WORK INSTRUCTIONS —
Although the data below holds other lines too, output only those from the line with "Shruthi Rajanikanth Instagram" up to and including the line with "Whitehall South Apartments", exactly as they appear.

Records drawn from a dataset:
== Segment start ==
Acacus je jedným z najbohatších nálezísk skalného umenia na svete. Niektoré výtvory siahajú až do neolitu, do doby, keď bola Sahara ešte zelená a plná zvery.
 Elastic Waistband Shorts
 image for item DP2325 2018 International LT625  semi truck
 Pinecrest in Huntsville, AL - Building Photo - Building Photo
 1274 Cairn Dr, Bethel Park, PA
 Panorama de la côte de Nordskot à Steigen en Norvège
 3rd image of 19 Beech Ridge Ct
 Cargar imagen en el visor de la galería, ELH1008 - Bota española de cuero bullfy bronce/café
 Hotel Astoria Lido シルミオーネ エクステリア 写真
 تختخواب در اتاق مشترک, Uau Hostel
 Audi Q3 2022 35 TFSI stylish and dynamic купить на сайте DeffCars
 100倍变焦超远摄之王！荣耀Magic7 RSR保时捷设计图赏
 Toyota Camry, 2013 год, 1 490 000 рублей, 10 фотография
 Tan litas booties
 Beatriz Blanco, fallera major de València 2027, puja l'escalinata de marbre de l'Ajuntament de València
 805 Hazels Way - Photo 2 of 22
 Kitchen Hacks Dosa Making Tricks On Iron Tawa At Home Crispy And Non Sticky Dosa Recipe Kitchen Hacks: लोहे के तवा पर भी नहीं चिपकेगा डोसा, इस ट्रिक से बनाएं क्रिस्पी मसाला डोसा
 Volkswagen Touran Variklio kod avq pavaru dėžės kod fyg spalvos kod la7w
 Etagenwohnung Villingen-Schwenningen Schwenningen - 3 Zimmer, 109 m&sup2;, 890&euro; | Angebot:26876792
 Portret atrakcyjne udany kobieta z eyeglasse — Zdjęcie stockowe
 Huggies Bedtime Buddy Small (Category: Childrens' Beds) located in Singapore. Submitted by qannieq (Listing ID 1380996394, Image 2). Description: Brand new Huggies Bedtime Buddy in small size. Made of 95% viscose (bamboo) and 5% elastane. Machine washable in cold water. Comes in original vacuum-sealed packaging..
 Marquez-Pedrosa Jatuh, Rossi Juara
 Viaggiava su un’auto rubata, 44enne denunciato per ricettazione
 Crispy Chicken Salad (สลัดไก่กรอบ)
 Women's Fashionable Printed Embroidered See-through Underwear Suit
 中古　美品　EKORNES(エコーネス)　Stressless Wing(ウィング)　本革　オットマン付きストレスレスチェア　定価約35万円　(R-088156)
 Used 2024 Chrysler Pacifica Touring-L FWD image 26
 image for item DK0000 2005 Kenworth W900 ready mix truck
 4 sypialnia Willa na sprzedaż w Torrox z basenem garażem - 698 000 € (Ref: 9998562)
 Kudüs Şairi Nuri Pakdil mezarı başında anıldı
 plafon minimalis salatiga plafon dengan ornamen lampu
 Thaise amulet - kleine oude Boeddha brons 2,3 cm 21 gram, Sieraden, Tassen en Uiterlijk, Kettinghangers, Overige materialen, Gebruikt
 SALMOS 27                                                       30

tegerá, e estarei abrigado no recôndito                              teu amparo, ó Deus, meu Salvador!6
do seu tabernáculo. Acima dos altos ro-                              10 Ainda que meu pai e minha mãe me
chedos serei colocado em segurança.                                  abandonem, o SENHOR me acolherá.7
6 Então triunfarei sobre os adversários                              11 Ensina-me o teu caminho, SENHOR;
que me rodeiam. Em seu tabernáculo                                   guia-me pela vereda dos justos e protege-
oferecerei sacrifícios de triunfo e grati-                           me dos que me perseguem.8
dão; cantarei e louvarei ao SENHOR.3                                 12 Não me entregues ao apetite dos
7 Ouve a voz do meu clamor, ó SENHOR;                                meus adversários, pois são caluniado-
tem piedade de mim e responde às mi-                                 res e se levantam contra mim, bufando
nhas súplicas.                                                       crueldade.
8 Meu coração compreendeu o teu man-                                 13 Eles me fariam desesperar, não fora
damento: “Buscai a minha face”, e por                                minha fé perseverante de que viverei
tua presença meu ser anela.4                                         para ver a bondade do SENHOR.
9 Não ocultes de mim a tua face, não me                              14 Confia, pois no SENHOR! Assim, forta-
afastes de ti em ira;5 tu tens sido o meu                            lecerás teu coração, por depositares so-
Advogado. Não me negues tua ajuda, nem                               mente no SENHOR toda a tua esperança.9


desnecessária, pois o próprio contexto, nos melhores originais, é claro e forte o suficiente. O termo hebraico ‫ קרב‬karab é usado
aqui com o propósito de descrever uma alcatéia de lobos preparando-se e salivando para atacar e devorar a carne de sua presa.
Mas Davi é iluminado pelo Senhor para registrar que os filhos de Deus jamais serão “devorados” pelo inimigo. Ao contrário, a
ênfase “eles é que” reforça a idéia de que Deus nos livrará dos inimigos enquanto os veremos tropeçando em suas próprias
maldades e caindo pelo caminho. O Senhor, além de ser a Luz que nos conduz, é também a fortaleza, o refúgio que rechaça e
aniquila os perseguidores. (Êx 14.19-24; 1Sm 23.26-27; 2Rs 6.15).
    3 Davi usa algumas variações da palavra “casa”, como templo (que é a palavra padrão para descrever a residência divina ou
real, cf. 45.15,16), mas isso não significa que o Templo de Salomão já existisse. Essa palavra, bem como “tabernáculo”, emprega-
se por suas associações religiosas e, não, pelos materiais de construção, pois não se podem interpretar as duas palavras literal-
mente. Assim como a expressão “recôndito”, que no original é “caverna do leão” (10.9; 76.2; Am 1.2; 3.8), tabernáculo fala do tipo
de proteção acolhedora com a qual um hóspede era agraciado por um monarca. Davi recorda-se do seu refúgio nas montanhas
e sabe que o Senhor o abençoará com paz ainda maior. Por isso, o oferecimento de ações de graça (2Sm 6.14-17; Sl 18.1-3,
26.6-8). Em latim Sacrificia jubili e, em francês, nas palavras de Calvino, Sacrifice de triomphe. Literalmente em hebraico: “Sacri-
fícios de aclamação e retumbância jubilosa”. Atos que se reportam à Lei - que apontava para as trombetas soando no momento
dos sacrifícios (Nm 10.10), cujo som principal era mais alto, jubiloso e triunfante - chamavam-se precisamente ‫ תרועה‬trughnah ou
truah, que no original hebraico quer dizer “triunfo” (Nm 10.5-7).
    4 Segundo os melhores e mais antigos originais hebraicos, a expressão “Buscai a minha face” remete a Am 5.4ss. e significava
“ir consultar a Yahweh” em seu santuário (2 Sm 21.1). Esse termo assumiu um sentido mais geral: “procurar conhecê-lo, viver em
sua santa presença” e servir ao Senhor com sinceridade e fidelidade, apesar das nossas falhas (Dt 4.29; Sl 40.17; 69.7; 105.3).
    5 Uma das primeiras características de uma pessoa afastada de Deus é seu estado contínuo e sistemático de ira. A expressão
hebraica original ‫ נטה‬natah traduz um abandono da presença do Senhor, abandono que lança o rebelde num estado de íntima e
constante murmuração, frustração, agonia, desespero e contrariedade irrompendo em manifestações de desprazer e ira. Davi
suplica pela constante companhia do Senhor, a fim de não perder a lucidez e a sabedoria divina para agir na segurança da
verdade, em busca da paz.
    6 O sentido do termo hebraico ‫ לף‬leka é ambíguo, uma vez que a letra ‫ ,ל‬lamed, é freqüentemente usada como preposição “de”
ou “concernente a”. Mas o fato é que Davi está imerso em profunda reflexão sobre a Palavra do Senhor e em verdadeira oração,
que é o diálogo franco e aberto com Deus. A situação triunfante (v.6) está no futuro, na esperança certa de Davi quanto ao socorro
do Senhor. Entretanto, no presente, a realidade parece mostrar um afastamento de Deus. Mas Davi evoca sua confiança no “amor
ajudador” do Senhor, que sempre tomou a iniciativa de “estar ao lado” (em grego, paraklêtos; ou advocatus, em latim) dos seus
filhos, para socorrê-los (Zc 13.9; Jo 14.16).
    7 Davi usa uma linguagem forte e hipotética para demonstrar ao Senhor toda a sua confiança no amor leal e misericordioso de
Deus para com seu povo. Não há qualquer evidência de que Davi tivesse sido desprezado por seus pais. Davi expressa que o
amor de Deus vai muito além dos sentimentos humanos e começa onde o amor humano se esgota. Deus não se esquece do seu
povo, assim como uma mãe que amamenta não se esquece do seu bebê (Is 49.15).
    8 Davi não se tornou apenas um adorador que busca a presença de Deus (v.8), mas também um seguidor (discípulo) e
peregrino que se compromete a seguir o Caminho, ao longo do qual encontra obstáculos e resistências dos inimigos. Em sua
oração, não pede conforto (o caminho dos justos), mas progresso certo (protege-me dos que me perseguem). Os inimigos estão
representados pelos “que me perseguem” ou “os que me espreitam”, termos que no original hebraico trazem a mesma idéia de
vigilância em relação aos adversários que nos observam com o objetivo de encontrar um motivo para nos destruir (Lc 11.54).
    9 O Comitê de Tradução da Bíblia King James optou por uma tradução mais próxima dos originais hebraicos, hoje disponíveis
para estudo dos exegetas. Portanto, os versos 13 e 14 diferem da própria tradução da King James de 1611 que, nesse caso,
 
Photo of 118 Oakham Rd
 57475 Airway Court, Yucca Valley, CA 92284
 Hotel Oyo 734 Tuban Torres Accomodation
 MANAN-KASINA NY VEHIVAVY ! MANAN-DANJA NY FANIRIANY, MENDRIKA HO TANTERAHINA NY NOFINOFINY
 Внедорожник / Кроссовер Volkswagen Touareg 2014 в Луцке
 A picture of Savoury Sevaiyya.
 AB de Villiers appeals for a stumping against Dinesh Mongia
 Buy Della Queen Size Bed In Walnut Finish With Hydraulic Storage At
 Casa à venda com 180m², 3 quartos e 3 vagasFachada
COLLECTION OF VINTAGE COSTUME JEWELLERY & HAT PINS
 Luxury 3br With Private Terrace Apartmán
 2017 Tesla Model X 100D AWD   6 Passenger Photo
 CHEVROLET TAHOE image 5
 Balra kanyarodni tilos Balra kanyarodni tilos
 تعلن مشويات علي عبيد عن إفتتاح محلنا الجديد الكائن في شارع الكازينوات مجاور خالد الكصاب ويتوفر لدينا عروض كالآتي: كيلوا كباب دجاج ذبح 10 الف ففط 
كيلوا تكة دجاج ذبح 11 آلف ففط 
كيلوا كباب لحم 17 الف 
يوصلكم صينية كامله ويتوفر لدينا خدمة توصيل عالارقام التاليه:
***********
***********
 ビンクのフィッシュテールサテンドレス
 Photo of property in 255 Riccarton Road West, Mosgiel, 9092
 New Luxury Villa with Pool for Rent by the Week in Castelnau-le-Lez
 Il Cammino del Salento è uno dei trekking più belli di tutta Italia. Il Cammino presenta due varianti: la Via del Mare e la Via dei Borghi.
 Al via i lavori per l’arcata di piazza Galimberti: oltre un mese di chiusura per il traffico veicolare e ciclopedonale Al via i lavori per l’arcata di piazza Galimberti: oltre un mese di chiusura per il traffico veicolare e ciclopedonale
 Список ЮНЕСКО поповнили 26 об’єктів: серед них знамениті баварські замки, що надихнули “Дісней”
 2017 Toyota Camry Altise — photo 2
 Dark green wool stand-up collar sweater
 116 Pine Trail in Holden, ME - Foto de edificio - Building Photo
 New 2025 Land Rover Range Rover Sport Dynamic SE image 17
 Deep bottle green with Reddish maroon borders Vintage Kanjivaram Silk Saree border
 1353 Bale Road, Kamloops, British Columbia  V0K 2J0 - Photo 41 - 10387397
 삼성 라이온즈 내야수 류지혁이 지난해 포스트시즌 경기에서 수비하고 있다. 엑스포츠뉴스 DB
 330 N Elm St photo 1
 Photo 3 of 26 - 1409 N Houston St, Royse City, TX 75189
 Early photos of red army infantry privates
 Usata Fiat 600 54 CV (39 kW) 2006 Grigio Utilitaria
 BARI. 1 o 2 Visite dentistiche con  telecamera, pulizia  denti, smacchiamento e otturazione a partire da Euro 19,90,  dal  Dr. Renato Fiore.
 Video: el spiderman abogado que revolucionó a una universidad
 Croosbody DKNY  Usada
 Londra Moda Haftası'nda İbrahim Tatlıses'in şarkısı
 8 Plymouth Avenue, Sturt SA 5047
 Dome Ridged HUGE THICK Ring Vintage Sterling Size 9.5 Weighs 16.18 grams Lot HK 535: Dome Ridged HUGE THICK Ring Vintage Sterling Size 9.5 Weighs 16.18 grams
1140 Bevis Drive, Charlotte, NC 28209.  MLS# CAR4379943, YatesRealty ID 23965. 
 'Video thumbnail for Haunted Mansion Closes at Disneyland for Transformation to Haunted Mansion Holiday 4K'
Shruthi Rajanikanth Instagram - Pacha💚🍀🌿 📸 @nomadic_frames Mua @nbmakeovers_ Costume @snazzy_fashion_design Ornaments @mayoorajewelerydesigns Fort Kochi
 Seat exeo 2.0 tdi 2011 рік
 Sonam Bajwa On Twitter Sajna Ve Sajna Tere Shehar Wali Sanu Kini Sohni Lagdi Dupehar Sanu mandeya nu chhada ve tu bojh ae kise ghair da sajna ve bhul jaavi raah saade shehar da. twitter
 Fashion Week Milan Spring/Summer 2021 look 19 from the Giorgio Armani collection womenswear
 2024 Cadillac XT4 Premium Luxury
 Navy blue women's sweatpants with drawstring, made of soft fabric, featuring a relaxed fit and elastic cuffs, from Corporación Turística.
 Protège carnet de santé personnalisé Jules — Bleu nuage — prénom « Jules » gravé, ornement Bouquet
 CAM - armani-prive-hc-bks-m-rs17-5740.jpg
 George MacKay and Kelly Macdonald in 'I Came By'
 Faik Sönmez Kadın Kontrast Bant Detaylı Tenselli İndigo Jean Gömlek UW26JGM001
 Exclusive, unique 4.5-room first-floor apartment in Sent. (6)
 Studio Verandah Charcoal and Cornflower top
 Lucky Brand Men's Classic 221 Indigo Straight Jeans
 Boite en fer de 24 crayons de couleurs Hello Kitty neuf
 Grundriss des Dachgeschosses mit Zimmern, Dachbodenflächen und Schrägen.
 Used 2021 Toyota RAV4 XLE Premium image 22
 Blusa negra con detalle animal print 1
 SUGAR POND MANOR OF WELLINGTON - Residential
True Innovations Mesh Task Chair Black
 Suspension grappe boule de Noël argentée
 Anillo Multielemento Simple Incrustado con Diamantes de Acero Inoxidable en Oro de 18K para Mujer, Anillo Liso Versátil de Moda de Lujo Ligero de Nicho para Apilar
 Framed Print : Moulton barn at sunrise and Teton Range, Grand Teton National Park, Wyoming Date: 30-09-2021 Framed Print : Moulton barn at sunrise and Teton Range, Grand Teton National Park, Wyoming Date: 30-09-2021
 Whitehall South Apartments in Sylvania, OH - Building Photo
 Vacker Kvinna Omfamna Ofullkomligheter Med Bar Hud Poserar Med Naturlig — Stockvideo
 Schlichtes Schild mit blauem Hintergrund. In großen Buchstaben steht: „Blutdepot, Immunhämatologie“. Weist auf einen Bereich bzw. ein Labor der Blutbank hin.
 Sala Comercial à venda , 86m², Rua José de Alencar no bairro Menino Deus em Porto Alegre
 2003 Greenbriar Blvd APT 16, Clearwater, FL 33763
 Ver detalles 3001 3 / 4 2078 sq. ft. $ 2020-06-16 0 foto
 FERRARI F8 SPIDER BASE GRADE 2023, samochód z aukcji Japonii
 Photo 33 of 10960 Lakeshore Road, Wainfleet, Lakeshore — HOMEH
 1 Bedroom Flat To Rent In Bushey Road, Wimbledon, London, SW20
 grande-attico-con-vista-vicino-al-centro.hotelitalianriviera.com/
== Segment end ==
REPLY —
Shruthi Rajanikanth Instagram - Pacha💚🍀🌿 📸 @nomadic_frames Mua @nbmakeovers_ Costume @snazzy_fashion_design Ornaments @mayoorajewelerydesigns Fort Kochi
 Seat exeo 2.0 tdi 2011 рік
 Sonam Bajwa On Twitter Sajna Ve Sajna Tere Shehar Wali Sanu Kini Sohni Lagdi Dupehar Sanu mandeya nu chhada ve tu bojh ae kise ghair da sajna ve bhul jaavi raah saade shehar da. twitter
 Fashion Week Milan Spring/Summer 2021 look 19 from the Giorgio Armani collection womenswear
 2024 Cadillac XT4 Premium Luxury
 Navy blue women's sweatpants with drawstring, made of soft fabric, featuring a relaxed fit and elastic cuffs, from Corporación Turística.
 Protège carnet de santé personnalisé Jules — Bleu nuage — prénom « Jules » gravé, ornement Bouquet
 CAM - armani-prive-hc-bks-m-rs17-5740.jpg
 George MacKay and Kelly Macdonald in 'I Came By'
 Faik Sönmez Kadın Kontrast Bant Detaylı Tenselli İndigo Jean Gömlek UW26JGM001
 Exclusive, unique 4.5-room first-floor apartment in Sent. (6)
 Studio Verandah Charcoal and Cornflower top
 Lucky Brand Men's Classic 221 Indigo Straight Jeans
 Boite en fer de 24 crayons de couleurs Hello Kitty neuf
 Grundriss des Dachgeschosses mit Zimmern, Dachbodenflächen und Schrägen.
 Used 2021 Toyota RAV4 XLE Premium image 22
 Blusa negra con detalle animal print 1
 SUGAR POND MANOR OF WELLINGTON - Residential
True Innovations Mesh Task Chair Black
 Suspension grappe boule de Noël argentée
 Anillo Multielemento Simple Incrustado con Diamantes de Acero Inoxidable en Oro de 18K para Mujer, Anillo Liso Versátil de Moda de Lujo Ligero de Nicho para Apilar
 Framed Print : Moulton barn at sunrise and Teton Range, Grand Teton National Park, Wyoming Date: 30-09-2021 Framed Print : Moulton barn at sunrise and Teton Range, Grand Teton National Park, Wyoming Date: 30-09-2021
 Whitehall South Apartments in Sylvania, OH - Building Photo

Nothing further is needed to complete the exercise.